*Your assignment*: After locating the line that holds "Scruffs Cosy Box Bed", repeat it and each following line exactly until the material ends, skipping pictures.

─── Data shown

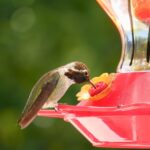 Build Your Online Patio: How SEO Can Transform Your Sarasota Business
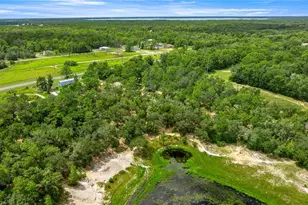 15901 SE 113th Street Rd, Ocklawaha, FL 32179 - Photo 27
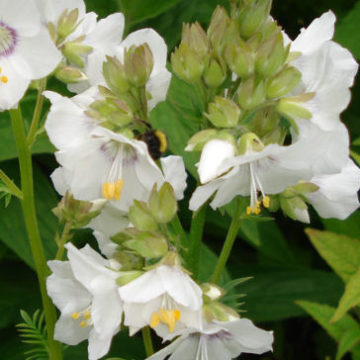 POLEMONIUM CAERULEUM ALBA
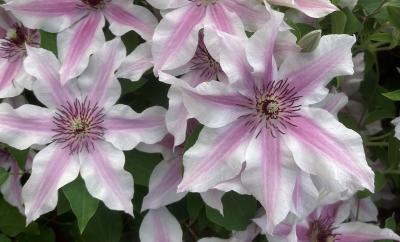 Clematis Ithemba EviGsy157 Raymond J Evison Ltd.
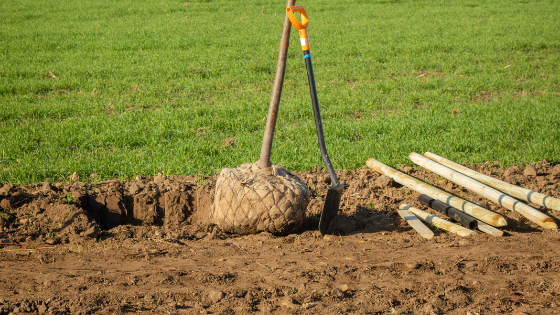 Baum mit Ballen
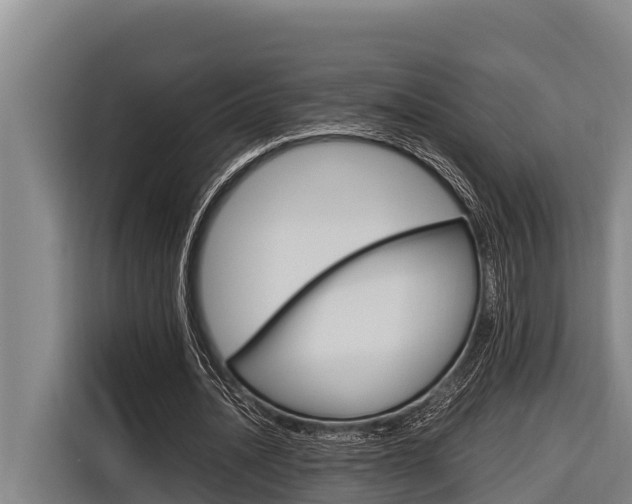 X0000116880628200912220945
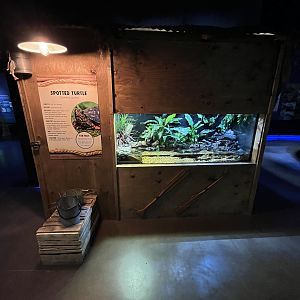 Spotted Turtle Exhibit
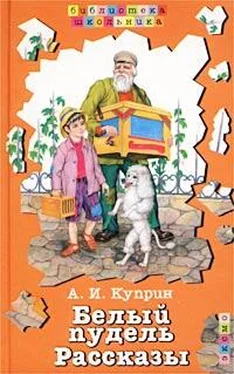 Александр Куприн Скворцы обложка книги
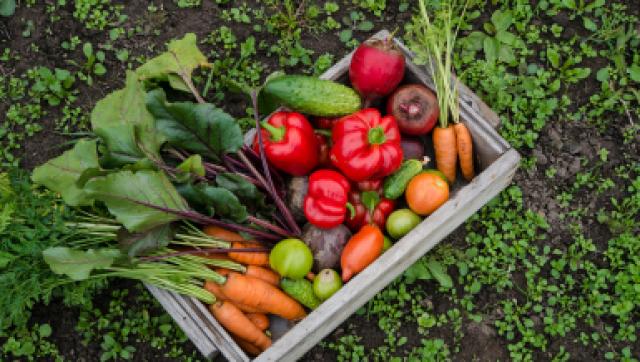 Rozpoczęcie Sezonu - Przygotowanie do Prac w Ogrodzie Warzywnym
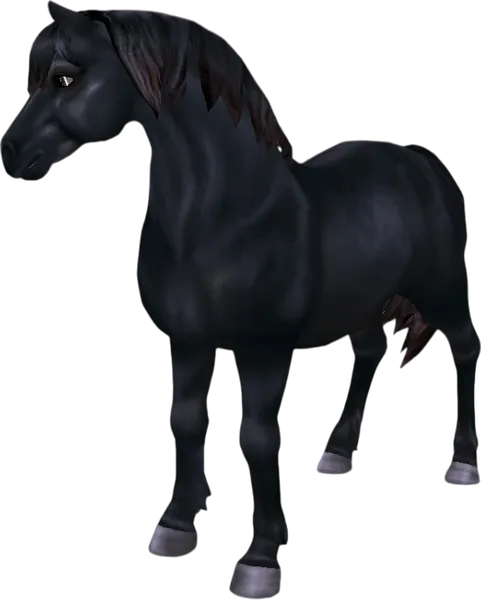 Welsh Pony, Black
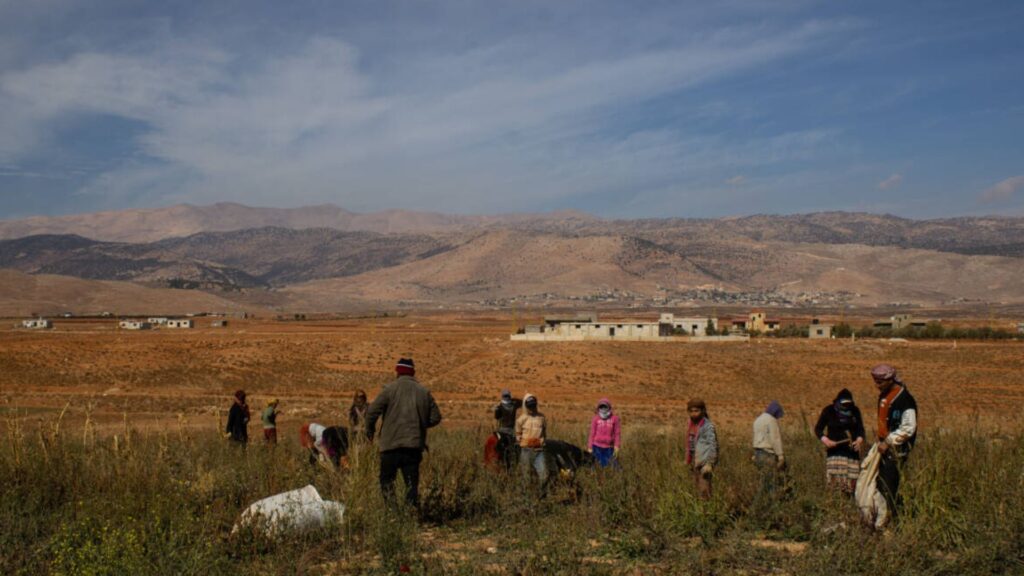 Empty fields, missed plantings: Lebanese fields barren as Syrian farmworkers displaced by war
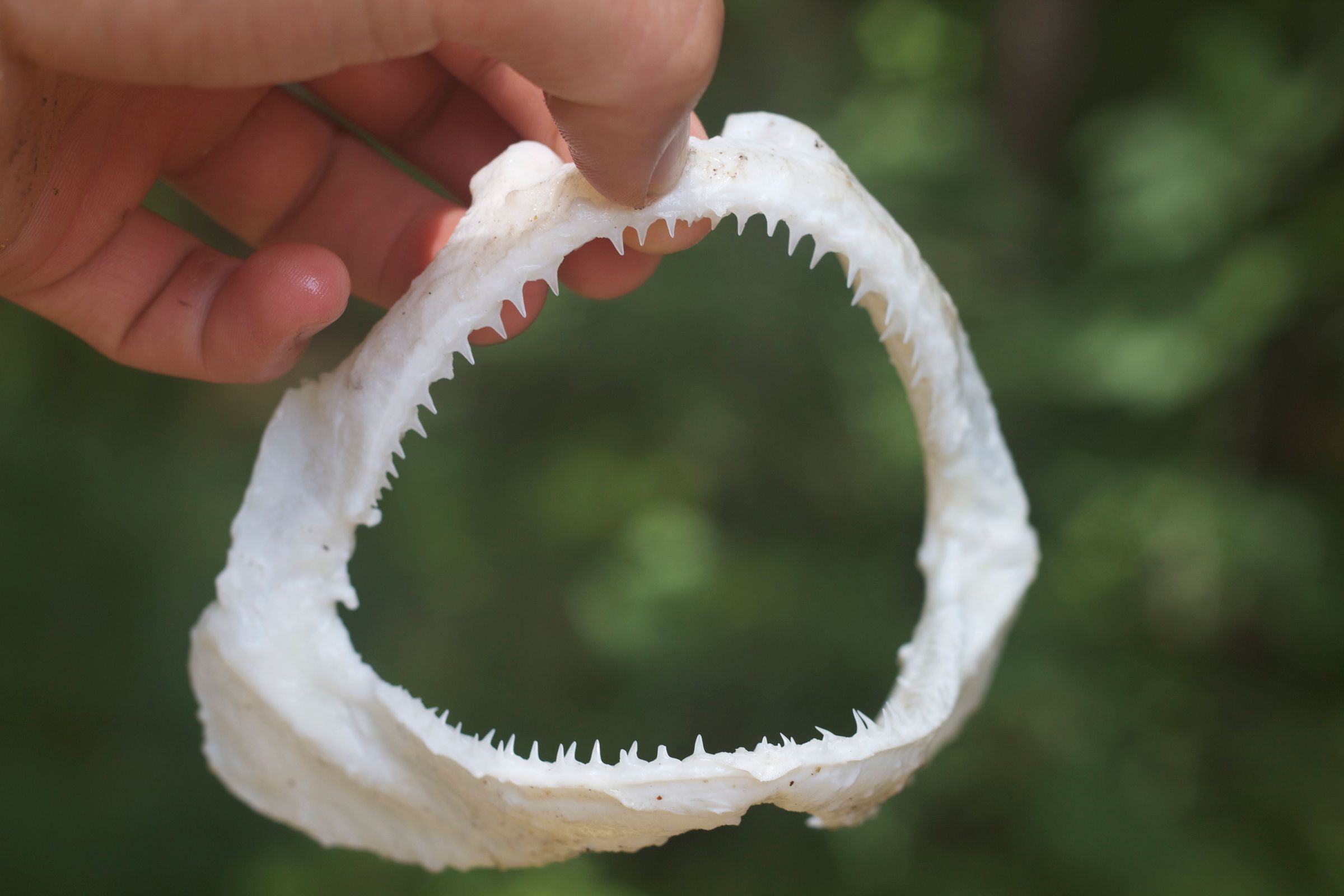 Preserving Shark Jaws and Skin From Start to Finish 9 Steps (with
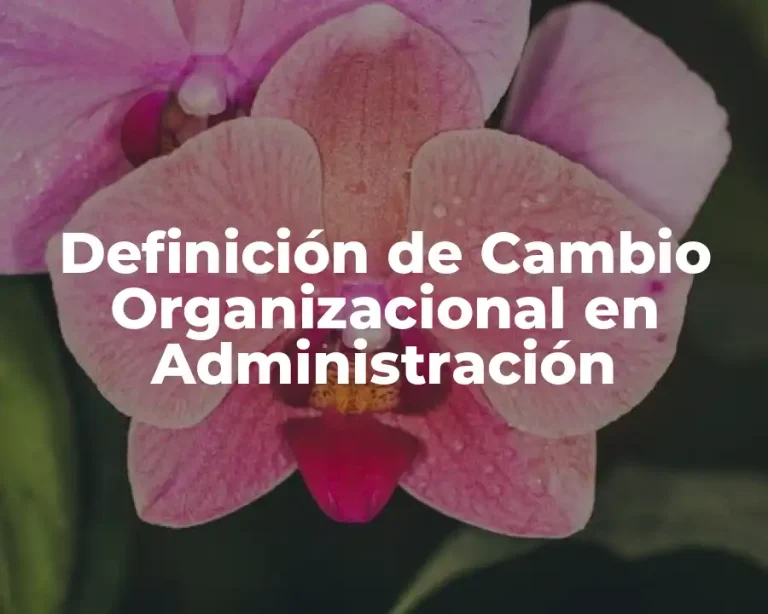 Definición de Cambio Organizacional en Administración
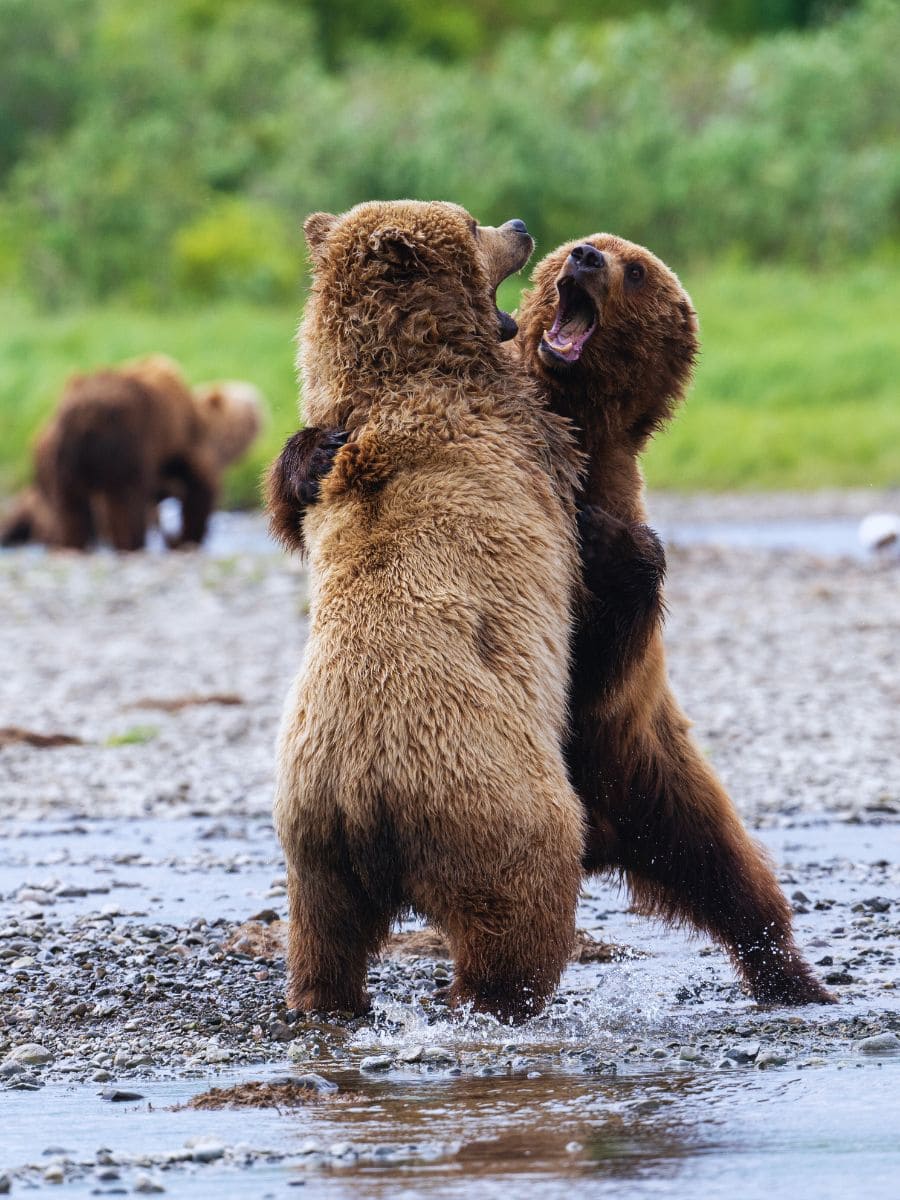 Two brown bears engaged in what appears to be a playful fight, standing upright in a shallow river in Kodiak, Alaska with splashing water around them. In the background, another bear is visible, emphasizing the wildlife scene.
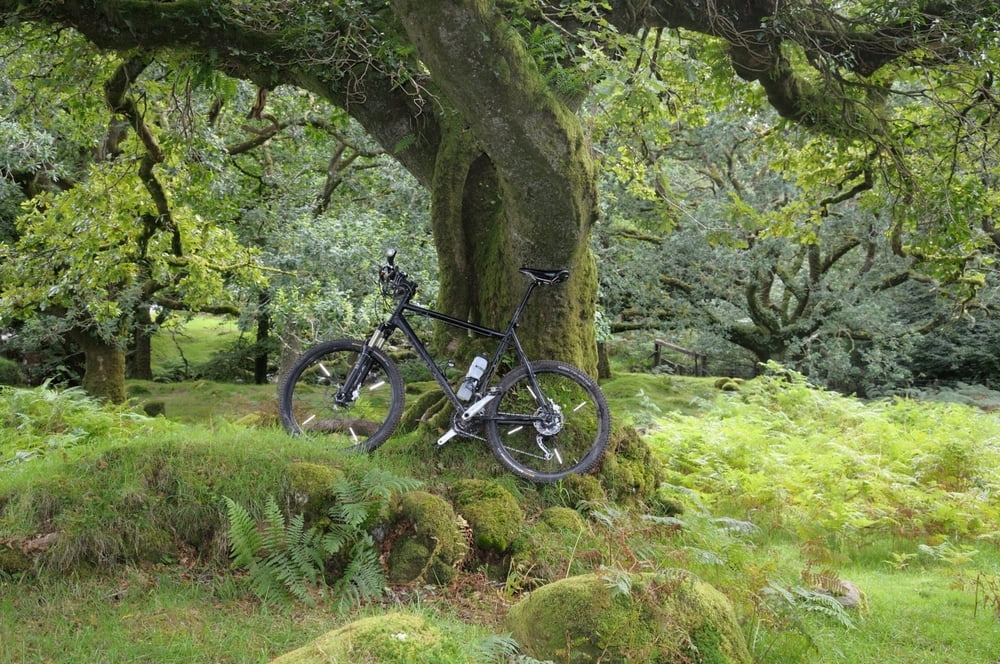 Dartmoor: Princetown Burrator Trails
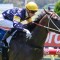 Three on the trot for Gitalong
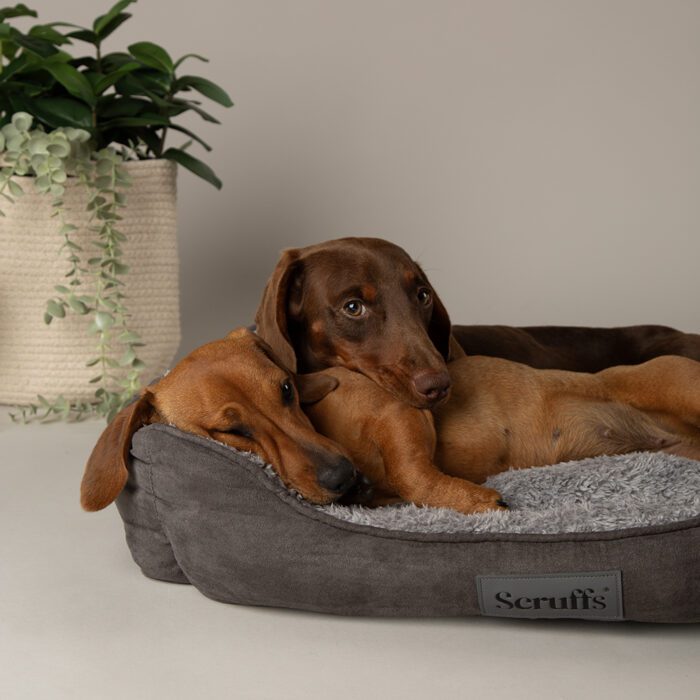 Scruffs Cosy Box Bed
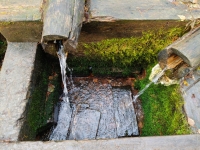 Да изольётся из сердца каждого из нас живоносный источник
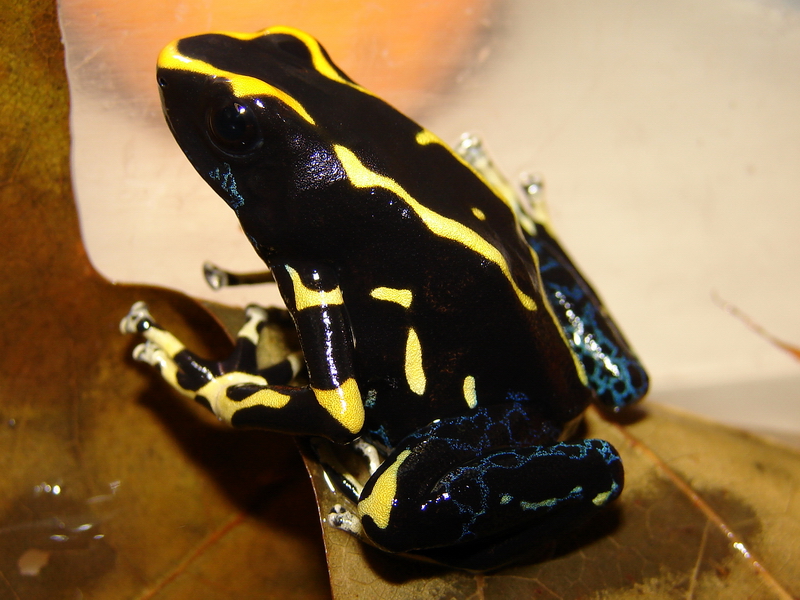 Dendrobates tinctorius var. Allanis / Yellow-and-blue poison dart frog, Rig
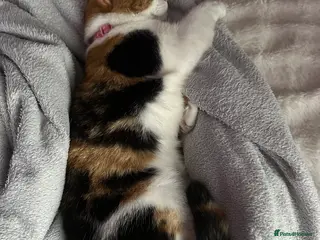 Mixed Breed cats 2 year old calico female - Advert 10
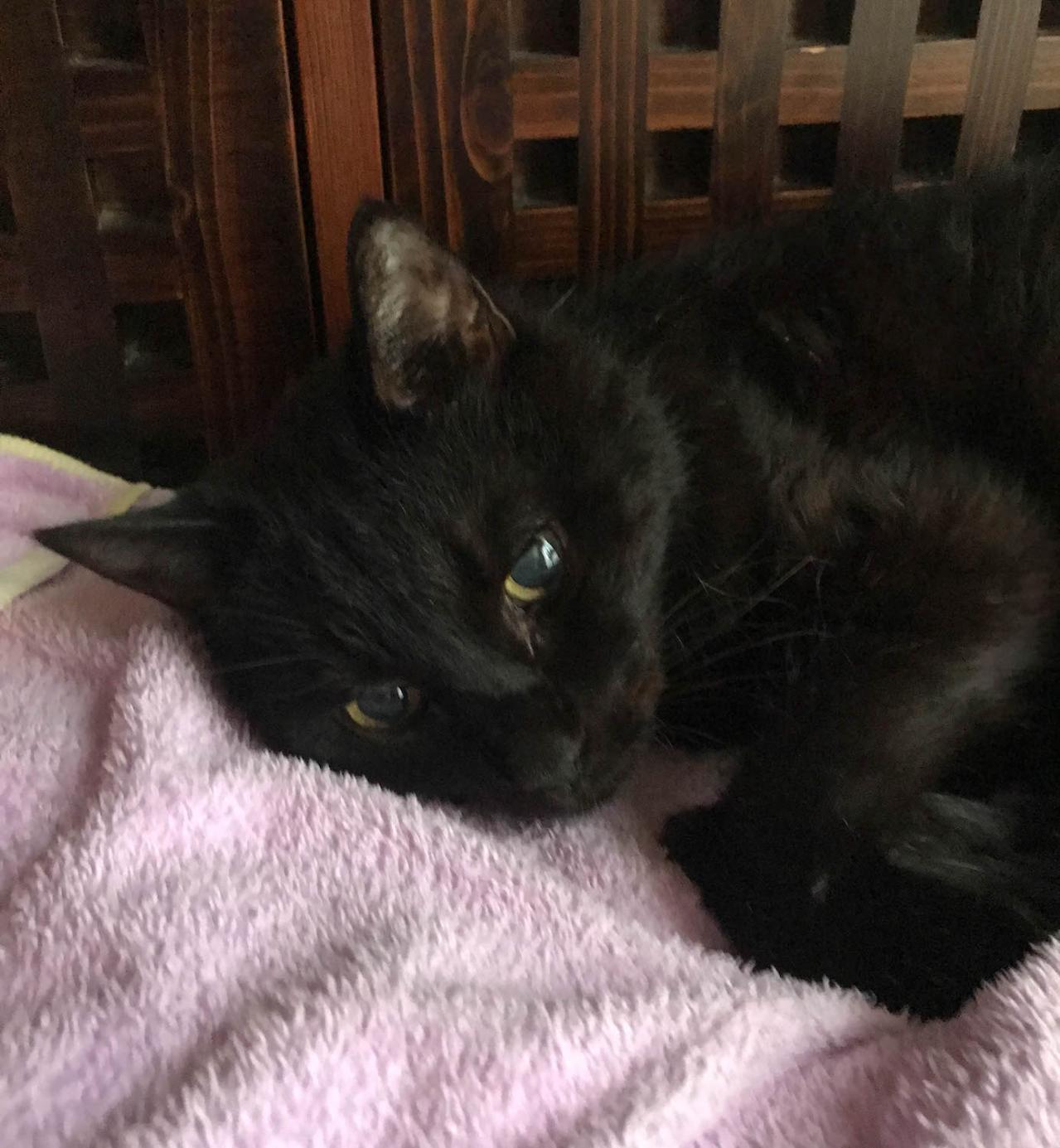 【マンガ・老猫日誌 ＃8】猫、理由に納得する…19歳の元保護猫・桃姐（画像4）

──────

*Output of the exercise*:
 Scruffs Cosy Box Bed
 Да изольётся из сердца каждого из нас живоносный источник
 Dendrobates tinctorius var. Allanis / Yellow-and-blue poison dart frog, Rig
 Mixed Breed cats 2 year old calico female - Advert 10
 【マンガ・老猫日誌 ＃8】猫、理由に納得する…19歳の元保護猫・桃姐（画像4）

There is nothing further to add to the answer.